CDR Matthew W. Shipley, graduated from Navy recruit training in January 1985, Electronics Technician “A” School in October 1985, Naval Academy Preparatory School in 1987 and the United States Naval Academy in 1991.

Shipley’s tours include Assistant Platoon Commander at SEAL Team EIGHT, test article Officer-in-Charge of a Mark V Special Operations Craft (SOC) at United States Special Operations Command, Operations Officer at Special Boat Unit TWENTY, Mk V SOC Liaison Officer to Special Operations Command European Command, Naval Special Warfare Task Unit (NSWTU) Commander for a Mediterranean Amphibious Ready Group, and Platoon Commander at SEAL Team EIGHT.
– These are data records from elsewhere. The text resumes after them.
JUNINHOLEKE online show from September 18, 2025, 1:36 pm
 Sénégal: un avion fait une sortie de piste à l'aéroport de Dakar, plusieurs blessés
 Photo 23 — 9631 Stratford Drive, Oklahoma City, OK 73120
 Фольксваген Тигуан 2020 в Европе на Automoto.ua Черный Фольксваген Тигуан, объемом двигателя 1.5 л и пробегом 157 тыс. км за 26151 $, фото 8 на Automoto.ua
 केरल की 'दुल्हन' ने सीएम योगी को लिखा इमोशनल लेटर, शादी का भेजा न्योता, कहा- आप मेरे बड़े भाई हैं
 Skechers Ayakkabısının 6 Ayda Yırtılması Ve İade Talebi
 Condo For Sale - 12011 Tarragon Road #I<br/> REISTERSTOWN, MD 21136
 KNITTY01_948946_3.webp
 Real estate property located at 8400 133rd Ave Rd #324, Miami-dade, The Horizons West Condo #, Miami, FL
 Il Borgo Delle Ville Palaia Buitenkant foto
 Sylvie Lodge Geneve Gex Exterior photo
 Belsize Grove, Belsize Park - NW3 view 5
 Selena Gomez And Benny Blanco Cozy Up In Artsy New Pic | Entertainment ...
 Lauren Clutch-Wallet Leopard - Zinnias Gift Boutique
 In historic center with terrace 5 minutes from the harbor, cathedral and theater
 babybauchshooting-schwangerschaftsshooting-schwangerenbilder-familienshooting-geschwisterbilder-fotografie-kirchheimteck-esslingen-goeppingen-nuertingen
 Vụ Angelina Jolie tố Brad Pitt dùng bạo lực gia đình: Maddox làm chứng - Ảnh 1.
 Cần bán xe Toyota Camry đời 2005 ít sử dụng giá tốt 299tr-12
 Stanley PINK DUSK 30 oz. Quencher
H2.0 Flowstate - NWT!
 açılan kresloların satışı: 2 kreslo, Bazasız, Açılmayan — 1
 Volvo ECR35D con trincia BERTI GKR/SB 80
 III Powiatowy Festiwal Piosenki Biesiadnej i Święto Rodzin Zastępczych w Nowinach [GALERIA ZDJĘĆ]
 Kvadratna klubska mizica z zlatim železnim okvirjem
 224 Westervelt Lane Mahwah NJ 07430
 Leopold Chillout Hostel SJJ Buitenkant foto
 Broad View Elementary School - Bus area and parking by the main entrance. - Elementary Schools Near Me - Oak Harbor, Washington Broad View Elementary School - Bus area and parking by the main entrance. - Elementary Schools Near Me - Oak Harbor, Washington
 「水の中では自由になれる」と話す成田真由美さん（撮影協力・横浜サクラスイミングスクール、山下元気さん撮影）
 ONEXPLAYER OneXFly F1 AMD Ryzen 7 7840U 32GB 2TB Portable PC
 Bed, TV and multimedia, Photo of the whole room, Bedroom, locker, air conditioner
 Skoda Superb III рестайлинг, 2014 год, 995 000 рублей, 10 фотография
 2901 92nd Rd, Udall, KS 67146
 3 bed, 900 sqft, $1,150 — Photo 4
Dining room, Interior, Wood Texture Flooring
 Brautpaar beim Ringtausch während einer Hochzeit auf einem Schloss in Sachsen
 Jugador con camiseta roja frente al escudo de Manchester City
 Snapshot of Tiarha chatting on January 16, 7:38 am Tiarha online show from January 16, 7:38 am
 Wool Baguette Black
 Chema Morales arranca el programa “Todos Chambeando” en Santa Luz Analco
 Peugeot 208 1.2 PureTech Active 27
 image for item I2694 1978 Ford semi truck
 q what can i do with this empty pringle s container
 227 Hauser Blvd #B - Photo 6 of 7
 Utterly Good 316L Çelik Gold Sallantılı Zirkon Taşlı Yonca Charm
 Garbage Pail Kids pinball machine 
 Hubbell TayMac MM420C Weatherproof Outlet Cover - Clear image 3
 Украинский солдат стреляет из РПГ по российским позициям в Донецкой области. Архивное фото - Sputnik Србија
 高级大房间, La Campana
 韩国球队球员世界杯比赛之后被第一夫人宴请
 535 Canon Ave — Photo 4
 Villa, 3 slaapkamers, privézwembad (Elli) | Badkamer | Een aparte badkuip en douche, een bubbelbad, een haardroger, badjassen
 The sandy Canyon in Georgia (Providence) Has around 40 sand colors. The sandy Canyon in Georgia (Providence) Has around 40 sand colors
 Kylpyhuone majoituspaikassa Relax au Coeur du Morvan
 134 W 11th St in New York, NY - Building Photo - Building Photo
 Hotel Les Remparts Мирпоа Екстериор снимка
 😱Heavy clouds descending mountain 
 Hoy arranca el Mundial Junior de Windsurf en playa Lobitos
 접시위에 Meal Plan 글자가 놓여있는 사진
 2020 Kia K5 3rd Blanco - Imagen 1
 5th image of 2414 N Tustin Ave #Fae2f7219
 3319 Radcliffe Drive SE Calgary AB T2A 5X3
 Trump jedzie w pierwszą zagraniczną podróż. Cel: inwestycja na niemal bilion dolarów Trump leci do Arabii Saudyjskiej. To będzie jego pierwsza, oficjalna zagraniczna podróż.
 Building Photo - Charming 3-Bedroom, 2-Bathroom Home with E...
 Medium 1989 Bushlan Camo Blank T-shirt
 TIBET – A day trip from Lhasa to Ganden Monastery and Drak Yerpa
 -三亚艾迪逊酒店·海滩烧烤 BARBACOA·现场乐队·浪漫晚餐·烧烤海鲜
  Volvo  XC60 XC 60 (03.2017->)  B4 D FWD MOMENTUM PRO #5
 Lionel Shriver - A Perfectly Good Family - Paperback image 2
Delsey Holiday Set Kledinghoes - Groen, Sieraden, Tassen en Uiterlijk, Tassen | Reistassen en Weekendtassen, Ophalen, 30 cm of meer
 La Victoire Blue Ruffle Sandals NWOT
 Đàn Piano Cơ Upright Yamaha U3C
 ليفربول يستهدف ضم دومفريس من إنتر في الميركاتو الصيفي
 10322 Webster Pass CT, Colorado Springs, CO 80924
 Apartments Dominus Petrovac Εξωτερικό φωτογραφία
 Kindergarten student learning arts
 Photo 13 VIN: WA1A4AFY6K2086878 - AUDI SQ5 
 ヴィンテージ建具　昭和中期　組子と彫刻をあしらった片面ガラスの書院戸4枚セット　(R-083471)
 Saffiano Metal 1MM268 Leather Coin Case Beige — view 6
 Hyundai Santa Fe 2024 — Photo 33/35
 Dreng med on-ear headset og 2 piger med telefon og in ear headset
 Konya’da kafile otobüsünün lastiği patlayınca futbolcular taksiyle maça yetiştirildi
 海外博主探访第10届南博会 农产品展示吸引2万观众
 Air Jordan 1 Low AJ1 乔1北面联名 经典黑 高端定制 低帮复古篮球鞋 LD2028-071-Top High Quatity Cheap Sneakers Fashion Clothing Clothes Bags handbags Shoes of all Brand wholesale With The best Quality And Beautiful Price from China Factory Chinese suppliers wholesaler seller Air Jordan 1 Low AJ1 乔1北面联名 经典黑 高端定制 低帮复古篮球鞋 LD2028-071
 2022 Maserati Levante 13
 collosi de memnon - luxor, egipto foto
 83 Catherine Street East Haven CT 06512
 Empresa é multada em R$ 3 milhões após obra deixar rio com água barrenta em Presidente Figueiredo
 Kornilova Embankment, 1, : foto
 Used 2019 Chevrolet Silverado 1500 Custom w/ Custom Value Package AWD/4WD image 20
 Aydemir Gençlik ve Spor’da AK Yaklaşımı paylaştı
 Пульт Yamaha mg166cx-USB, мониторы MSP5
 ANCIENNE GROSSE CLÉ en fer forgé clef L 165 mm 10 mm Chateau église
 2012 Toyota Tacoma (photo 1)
As a reservist, Shipley served as Executive Officer of Navy Reserve Naval Special Warfare Group TWO Detachment 309, as Executive Officer of SEAL Team THREE deployed to Fallujah, Iraq in 2006, as NSWTU Commander Manda Bay, Kenya in Oct 2006 – Mar 2007, and as the Commanding Officer of SEAL Unit EIGHTEEN in Little Creek, Virginia from Dec 2009 – Dec 2011. He retired from the US Navy in Jan 2013.

Shipley’s awards include: Bronze Star Medal, Meritorious Defense Service Medal, Joint Service Commendation Medal, Navy Commendation Medal, Navy Achievement Medal and various unit, campaign and service awards.